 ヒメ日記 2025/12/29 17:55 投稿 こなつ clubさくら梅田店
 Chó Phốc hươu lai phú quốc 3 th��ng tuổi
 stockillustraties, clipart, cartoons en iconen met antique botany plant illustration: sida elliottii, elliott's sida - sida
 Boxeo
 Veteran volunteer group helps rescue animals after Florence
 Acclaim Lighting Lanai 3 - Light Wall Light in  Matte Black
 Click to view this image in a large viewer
+++
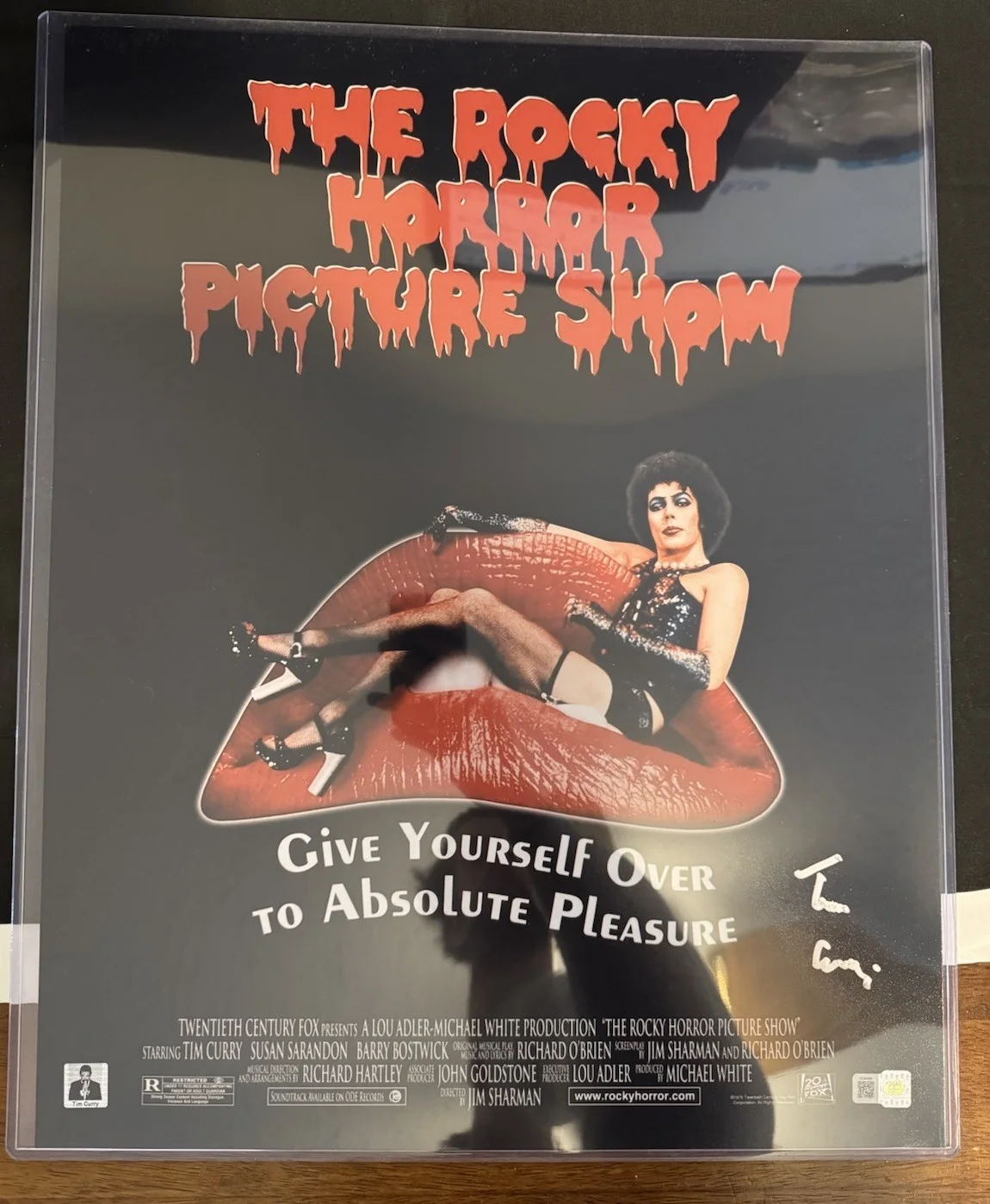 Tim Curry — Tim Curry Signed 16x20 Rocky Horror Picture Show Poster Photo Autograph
+++
• **EXERCISE PROMPT**: Everything from the line with "Chó Phốc hươu lai phú quốc 3 th��ng tuổi" through the line with "Acclaim Lighting Lanai" in the listing above must be retyped exactly, with nothing added.

• **RESULT OF THIS EXERCISE**:
 Chó Phốc hươu lai phú quốc 3 th��ng tuổi
 stockillustraties, clipart, cartoons en iconen met antique botany plant illustration: sida elliottii, elliott's sida - sida
 Boxeo
 Veteran volunteer group helps rescue animals after Florence
 Acclaim Lighting Lanai 3 - Light Wall Light in  Matte Black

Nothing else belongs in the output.